Response to comments on "ApoE-directed therapeutics rapidly clear β-amyloid and reverse deficits in AD mouse models"

Abstract

The data reported in the Technical Comments by Fitz et al., Price et al., Tesseur et al., and Veeraraghavalu et al. replicate and validate our central conclusion that bexarotene stimulates the clearance of soluble β-amyloid peptides and results in the reversal of behavioral deficits in mouse models of Alzheimer's disease (AD). The basis of the inability to reproduce the drug-stimulated microglial-mediated reduction in plaque burden is unexplained. However, we concluded that plaque burden is functionally unrelated to improved cognition and memory elicited by bexarotene.

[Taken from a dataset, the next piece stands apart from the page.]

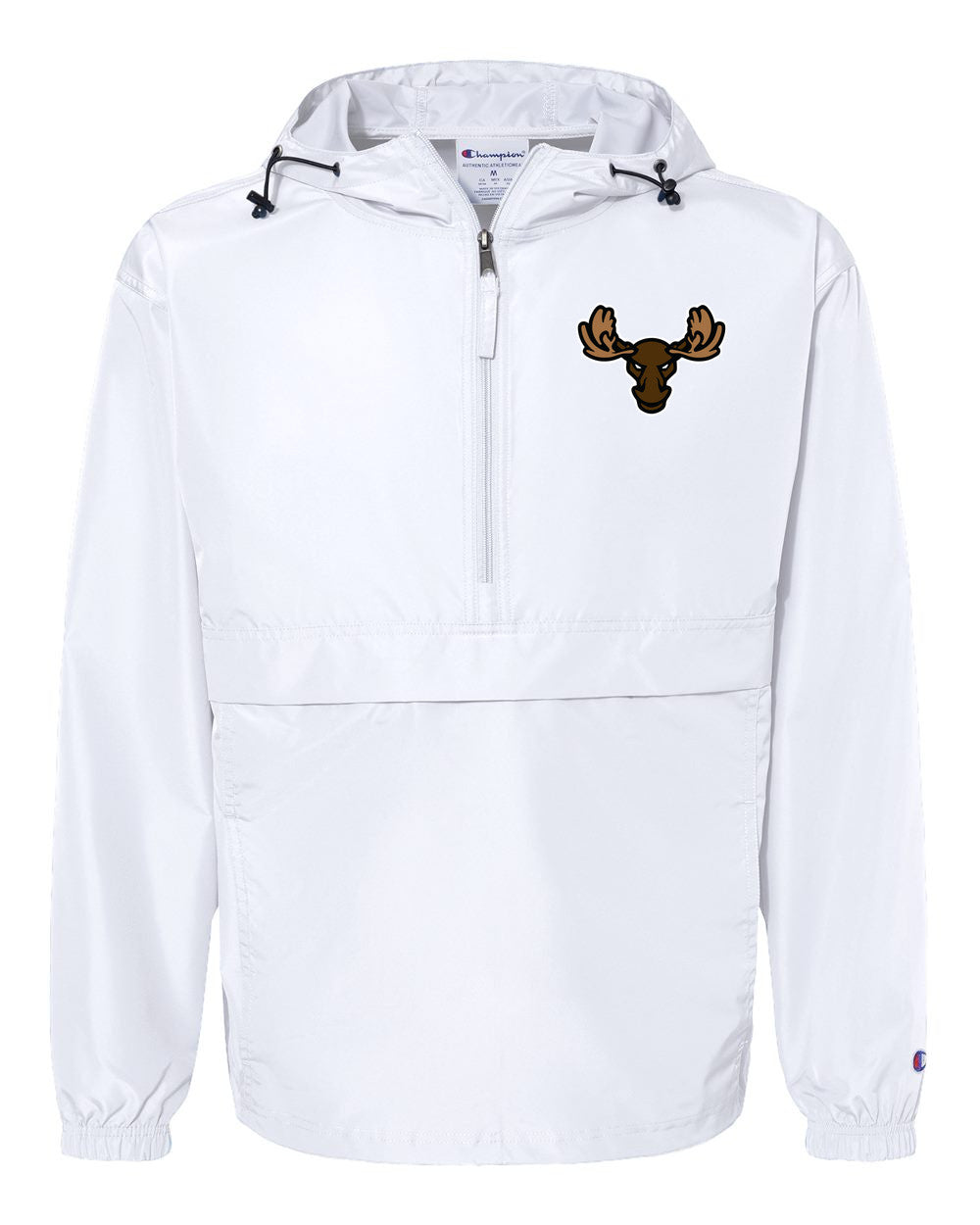 Champion Packable Anorak Jacket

Fig. 1. Bexarotene pharmacokinetics

Mice (C57BL/6) were orally gavaged with bexarotene (Targretin) suspended in water and delivered at a final dose of 100 mg/kg. The brains were collected at the indicated intervals between 0 and 8 hours and were then homogenized in phosphate-buffered saline (PBS) (2:1, PBS:brain by weight). Bexarotene and an internal standard were extracted from plasma (open square) or brain (open circle) homogenate by protein precipitation and processed for liquid chromatography–tandem mass spectrometry analysis. The kinetic analysis of bexarotene levels in plasma and brain is shown in (A) and tabulated in (B). Elimination half-life values for plasma and brain were similar and were also similar between dose groups. Within each dose level, exposure (C_max and AUC_0-∞) was similar between plasma and brain. Plasma and brain exposure (C_max and AUC_0-∞) increased in a linear manner with increasing dose. The 4-fold increase in dose from 25 to 100 mg/kg, C_max increased 4.2-fold for plasma and 4.8-fold for brain, and AUC_0-∞ increased 3.7-fold for plasma and 3.4-fold for brain.